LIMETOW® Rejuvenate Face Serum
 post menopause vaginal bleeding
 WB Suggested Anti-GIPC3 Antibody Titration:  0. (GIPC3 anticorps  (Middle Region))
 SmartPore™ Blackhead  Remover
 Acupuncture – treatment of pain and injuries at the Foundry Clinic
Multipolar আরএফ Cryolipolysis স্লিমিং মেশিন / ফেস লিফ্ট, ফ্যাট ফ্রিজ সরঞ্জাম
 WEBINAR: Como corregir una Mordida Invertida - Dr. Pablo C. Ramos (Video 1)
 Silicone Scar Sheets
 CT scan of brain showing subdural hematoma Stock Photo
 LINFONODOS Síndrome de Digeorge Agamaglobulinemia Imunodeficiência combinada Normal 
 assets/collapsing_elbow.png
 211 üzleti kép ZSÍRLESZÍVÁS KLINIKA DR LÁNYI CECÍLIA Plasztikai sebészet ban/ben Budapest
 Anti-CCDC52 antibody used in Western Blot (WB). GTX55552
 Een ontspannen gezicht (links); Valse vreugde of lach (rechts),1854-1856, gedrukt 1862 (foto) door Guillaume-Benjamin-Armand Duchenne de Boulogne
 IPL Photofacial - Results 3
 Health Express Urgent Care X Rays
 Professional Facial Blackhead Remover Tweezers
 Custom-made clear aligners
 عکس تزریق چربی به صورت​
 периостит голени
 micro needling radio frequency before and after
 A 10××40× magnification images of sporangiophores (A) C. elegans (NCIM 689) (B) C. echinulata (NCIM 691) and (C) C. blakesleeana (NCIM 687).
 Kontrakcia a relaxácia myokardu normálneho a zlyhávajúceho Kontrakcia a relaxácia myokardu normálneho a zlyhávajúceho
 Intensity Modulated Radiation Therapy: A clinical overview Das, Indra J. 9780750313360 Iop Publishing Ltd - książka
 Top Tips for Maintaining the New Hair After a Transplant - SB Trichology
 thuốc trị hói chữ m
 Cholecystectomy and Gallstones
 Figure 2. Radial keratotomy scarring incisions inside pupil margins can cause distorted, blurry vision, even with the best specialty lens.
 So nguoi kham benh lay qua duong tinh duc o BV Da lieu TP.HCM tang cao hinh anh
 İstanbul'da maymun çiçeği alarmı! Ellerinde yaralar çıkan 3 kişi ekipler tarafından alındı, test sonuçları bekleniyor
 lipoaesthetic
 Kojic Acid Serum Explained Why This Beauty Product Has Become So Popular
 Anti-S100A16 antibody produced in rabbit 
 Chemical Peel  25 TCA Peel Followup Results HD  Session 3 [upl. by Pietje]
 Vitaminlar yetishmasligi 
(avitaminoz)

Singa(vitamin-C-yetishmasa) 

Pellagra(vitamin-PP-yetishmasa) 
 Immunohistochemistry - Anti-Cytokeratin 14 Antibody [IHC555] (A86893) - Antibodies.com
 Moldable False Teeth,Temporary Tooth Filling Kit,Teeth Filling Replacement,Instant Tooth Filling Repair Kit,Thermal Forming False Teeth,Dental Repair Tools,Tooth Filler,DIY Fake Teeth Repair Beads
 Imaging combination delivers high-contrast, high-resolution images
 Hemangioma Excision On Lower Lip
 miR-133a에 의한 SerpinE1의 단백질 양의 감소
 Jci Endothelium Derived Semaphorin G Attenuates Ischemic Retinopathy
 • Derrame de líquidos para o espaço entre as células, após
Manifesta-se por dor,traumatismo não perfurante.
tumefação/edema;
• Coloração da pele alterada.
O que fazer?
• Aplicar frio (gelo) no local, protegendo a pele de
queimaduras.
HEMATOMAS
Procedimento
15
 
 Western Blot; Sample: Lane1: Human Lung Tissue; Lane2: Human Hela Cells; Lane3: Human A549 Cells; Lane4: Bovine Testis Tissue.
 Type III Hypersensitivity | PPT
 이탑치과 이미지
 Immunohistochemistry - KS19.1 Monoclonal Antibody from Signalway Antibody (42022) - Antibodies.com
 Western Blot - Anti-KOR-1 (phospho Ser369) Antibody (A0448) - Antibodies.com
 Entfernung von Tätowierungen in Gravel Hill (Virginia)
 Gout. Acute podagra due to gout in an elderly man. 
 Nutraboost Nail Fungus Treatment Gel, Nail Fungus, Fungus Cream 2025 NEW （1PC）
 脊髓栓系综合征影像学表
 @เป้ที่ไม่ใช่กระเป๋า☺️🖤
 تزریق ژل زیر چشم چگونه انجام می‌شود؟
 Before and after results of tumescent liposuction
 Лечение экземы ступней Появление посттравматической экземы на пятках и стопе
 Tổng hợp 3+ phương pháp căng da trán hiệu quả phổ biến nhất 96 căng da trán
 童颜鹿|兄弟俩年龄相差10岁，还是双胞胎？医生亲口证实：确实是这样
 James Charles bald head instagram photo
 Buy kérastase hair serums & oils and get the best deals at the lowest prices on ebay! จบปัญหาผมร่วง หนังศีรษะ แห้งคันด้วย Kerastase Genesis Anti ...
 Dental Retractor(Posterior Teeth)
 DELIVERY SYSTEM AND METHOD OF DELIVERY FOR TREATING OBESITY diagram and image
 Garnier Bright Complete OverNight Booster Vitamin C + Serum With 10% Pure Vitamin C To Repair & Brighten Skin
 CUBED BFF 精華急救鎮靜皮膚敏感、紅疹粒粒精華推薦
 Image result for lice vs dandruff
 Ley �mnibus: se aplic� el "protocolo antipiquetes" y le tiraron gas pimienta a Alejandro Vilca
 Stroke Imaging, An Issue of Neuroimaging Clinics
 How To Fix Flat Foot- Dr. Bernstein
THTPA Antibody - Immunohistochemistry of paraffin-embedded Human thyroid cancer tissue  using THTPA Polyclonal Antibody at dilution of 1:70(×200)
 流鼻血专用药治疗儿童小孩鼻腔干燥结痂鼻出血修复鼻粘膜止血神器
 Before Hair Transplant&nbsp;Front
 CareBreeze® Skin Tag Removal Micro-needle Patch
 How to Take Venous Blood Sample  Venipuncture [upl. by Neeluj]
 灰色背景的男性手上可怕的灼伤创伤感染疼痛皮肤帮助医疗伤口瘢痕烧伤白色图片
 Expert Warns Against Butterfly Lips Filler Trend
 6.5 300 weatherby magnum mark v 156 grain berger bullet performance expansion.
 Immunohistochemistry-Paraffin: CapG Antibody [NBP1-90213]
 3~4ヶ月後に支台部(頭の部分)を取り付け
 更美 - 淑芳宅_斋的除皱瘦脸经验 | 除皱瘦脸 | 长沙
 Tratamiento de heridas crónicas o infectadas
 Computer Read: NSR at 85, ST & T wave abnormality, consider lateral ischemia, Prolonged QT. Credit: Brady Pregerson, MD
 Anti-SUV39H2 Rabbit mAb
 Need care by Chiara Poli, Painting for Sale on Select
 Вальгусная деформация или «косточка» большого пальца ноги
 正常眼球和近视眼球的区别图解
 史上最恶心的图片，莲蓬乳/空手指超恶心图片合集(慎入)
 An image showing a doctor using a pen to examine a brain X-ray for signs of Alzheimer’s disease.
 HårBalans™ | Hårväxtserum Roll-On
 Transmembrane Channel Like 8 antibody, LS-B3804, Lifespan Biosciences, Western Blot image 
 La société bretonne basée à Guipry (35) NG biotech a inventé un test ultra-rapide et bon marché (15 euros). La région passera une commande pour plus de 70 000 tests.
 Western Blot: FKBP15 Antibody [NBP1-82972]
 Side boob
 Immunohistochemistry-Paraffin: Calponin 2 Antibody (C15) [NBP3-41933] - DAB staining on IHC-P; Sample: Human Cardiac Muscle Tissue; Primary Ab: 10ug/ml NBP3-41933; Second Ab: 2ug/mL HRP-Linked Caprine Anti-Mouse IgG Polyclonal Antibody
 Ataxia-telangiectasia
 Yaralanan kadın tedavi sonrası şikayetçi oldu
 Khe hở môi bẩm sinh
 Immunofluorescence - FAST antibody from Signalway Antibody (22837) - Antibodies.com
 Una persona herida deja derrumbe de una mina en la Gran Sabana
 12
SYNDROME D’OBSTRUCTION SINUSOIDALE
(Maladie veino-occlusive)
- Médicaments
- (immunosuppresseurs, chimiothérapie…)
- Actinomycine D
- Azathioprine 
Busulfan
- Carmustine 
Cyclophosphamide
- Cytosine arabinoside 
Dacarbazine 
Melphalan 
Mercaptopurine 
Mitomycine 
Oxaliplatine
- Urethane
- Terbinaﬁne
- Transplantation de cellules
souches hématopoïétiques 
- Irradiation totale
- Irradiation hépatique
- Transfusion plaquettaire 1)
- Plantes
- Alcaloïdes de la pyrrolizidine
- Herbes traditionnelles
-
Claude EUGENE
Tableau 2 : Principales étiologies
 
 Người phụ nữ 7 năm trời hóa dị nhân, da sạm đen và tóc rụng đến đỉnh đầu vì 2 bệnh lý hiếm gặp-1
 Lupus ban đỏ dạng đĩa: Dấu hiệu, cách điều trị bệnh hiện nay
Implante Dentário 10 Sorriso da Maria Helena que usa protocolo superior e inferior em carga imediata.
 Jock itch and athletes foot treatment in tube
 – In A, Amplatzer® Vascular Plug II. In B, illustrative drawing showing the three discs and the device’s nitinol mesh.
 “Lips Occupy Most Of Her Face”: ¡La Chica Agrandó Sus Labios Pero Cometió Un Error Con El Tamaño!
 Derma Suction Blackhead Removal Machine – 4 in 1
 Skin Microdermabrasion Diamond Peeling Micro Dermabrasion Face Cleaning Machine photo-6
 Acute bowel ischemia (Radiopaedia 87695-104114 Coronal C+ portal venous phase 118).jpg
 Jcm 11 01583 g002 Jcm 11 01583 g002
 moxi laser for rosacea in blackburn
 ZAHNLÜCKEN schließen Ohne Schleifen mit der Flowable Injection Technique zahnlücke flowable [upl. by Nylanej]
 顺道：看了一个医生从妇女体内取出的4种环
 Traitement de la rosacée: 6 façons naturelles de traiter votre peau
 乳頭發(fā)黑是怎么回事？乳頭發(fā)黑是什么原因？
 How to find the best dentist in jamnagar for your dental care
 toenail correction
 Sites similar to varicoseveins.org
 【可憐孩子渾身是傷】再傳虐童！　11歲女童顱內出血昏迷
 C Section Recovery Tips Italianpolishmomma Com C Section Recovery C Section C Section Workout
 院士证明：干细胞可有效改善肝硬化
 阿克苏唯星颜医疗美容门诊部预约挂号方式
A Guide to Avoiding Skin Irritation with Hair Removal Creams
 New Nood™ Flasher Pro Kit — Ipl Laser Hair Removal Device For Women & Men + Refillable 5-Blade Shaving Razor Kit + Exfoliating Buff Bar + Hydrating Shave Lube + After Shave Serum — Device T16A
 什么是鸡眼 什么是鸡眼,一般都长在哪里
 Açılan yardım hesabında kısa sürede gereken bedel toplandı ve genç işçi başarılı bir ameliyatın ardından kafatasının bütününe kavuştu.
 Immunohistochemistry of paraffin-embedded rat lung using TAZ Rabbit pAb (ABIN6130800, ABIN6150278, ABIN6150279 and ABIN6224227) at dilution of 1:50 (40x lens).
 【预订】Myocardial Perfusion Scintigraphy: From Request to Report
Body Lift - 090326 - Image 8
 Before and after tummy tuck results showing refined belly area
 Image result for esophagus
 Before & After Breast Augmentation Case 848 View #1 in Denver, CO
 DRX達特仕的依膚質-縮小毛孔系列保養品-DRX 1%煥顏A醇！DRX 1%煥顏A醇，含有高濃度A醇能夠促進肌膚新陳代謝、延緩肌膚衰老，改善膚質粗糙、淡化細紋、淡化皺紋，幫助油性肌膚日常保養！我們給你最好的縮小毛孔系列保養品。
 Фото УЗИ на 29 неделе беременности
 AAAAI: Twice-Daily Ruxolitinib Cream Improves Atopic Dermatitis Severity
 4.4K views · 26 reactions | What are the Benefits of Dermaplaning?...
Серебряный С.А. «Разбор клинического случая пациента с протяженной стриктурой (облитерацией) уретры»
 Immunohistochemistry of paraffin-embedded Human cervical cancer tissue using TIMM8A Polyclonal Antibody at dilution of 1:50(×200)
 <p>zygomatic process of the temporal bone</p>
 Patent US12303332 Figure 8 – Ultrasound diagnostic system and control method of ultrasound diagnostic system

(Aim of the exercise) From the line containing "4.4K views ·" to the final line above, output everything. Change nothing and add nothing.

(Output of the task)
 4.4K views · 26 reactions | What are the Benefits of Dermaplaning?...
Серебряный С.А. «Разбор клинического случая пациента с протяженной стриктурой (облитерацией) уретры»
 Immunohistochemistry of paraffin-embedded Human cervical cancer tissue using TIMM8A Polyclonal Antibody at dilution of 1:50(×200)
 <p>zygomatic process of the temporal bone</p>
 Patent US12303332 Figure 8 – Ultrasound diagnostic system and control method of ultrasound diagnostic system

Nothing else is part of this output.